As cars have got more advanced and more connected, the amount of available information about their drivers and passengers has surged, and brands are not afraid to collect all of it – even the most sensitive of data. After studying 25 auto companies, Mozilla Foundation researchers found all of them collecting, sharing and selling detailed levels of personal data about users. This covered some obvious categories like driving habits, destinations, in-car entertainment, car battery life etc.  More shocking were categories of data that could be gleaned from multiple connections via the car’s app which links up to users’ smartphones. 

Sex lives of drivers amongst the data up for sale

One company explained in their privacy policy that they could collect data that would enable inferences to be made about your sex life, and six car companies say they can collect your genetic information. So much for key data protection principles like privacy by design and default or data minimisation – it’s hard to imagine how any of this is necessary for a car brand to access.

Under the EU’s General Data Protection Regulation, any data that is not collected for the purposes of legitimate interests must be subject to meaningful consent from a consumer. The research showed a complete lack of options for consumers to understand what they were agreeing to or to find any way to opt out. 

One car company even wrote into its privacy policy that the simple action of a passenger taking a ride in a connected car is an indication of consenting to all of the personal data collected about them being packaged up and shared or sold. Companies are making money from people without their clear knowledge, agreement or meaningful value reaching them.

All of these detailed insights about people’s patterns and preferences open them up to exploitation, from influencing their purchase decisions to limiting their ability to choose services from other places.  

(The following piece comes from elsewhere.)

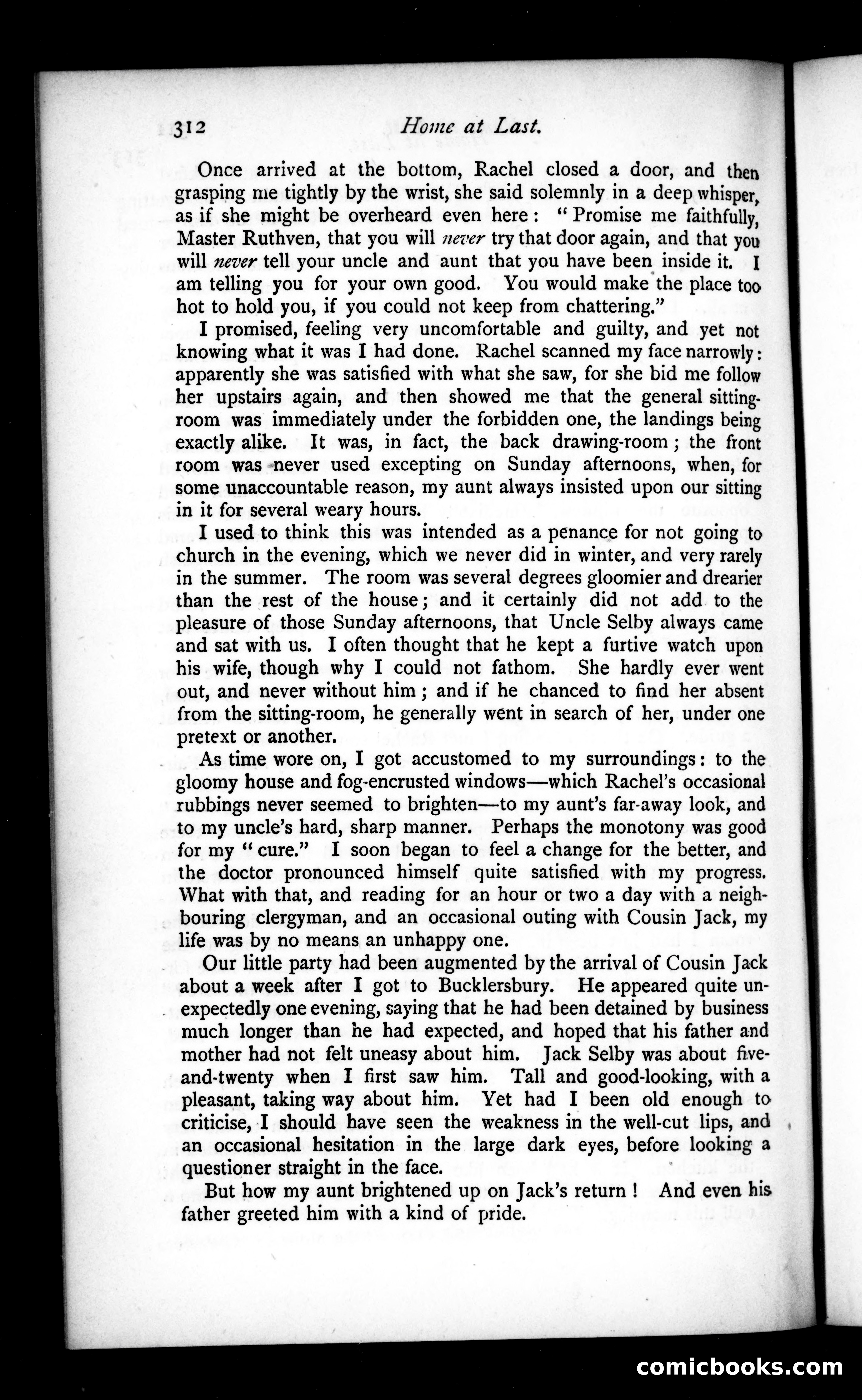 The Argosy, Vol. 27 — page 70 of 80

Consumers miss valuable data opportunities 

The massively disproportionate amount of data collected, the invasion of privacy and the complete lack of meaningful consent found is shocking. But that’s not the whole story. At  Euroconsumers we are no stranger to the current data mindset where consumers are viewed as massive subjects emitting data to be harvested, packaged and exploited by companies. 

Since we launched our landmark My Data is Mine manifesto in 2021 we have worked to turn the current data system on its head and put the value of data back into the hands and pockets of those who create it – consumers.  Alongside strong protections and limitations on use of data (particularly sensitive information), we want to see people able to easily access and use their data for the things they want to do. In the case of connected cars that might be as simple as transferring technical vehicle data to a cheaper third party repairer instead of being locked into the brand’s own system. 

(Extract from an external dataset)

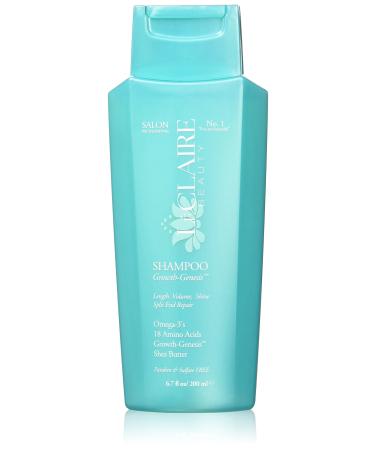 Volume Split End Repair Shampoo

EU Data Act disappoints, where is car specific regulation?

This type of scenario was one which the recent EU Data Act was designed to unlock for consumers, as a way to offset the way that data and licensing can lock consumers into one brand and its preferred way of doing things.  This can end up costing consumers more to get things fixed or taking up a lot of time and inconvenience if they want to switch services.  It also means that markets become less competitive as the biggest data asset holders entrench their position by directing how and who data can be shared with. 

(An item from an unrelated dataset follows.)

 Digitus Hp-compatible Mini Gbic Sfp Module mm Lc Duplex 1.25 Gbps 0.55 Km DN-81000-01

Similarly to our member organizations, BEUC have been disappointed however with the latest result from the Data Act negotiations, blaming a “myriad of exemptions” that will in effect mean companies can continue to prevent data access and sharing. This will result in consumers finding they still have little control over the access and use of the data from their connected devices. We’d like to see regulation designed specifically for the auto sector to make sure rules are tailored to users and the particular ways in which car data might be taken and used. 

My Data is Mine: connected car data belongs to consumers  

My Data is Mine foresees a more revolutionary scenario than that so far put to paper via various sharing and portability regulations. Consumers deserve direct value from their data. My Data is Mine would see the owners of the data, ie those who create it, able to have full control to decide whether they want to license the flow of their in-car data to car producers, sustainable mobility services, map providers or transport planning authorities in return for financial reward, discounts or premium services. If we can say my car is mine, then surely we can say our car data is mine to do as we wish with?  

Consumers’ use of more and more connected devices and of digitalised services like finance and health mean the potential for rich data created by us is growing. For example, last year, we shared findings from consumer discussion groups on their desire that cheaper medicines are available for the public where people’s health data has been integral to their development. 

This is just one example of how value from data about how people lived their lives can be returned to them. What’s needed is the right framework to free up this potential so it can create value whether it’s cars, health or energy data – this must be given as much attention as the vital focus needed on privacy and cybersecurity.